>>>

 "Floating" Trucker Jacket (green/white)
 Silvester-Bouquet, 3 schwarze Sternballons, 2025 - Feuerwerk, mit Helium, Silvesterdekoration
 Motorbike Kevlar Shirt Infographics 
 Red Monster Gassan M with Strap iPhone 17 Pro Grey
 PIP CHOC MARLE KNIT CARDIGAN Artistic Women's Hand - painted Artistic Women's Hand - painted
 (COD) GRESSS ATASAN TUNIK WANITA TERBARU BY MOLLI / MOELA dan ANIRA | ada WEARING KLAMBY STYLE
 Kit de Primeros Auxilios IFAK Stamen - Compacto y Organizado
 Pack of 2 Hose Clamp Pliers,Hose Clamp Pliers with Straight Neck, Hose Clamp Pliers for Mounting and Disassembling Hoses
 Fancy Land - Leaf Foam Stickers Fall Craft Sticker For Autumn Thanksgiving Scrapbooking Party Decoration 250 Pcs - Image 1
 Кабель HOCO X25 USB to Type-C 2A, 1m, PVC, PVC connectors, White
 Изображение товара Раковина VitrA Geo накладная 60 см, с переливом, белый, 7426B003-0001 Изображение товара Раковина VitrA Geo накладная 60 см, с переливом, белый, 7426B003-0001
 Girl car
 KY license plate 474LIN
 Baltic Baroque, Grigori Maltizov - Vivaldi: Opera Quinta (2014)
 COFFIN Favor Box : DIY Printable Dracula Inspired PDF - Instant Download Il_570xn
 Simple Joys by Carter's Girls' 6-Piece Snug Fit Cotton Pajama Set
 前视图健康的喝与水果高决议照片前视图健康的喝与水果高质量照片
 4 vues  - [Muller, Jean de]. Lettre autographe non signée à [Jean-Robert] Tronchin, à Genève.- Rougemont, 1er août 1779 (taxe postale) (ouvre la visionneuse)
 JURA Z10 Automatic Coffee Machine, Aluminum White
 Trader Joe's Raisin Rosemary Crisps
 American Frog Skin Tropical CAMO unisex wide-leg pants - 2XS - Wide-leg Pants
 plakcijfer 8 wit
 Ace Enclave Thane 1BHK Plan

<<<

TO DO: Find the lines in the records that contain the word "with", then copy every one of them.

THE COMPLETED TASK:
 Red Monster Gassan M with Strap iPhone 17 Pro Grey
 Pack of 2 Hose Clamp Pliers,Hose Clamp Pliers with Straight Neck, Hose Clamp Pliers for Mounting and Disassembling Hoses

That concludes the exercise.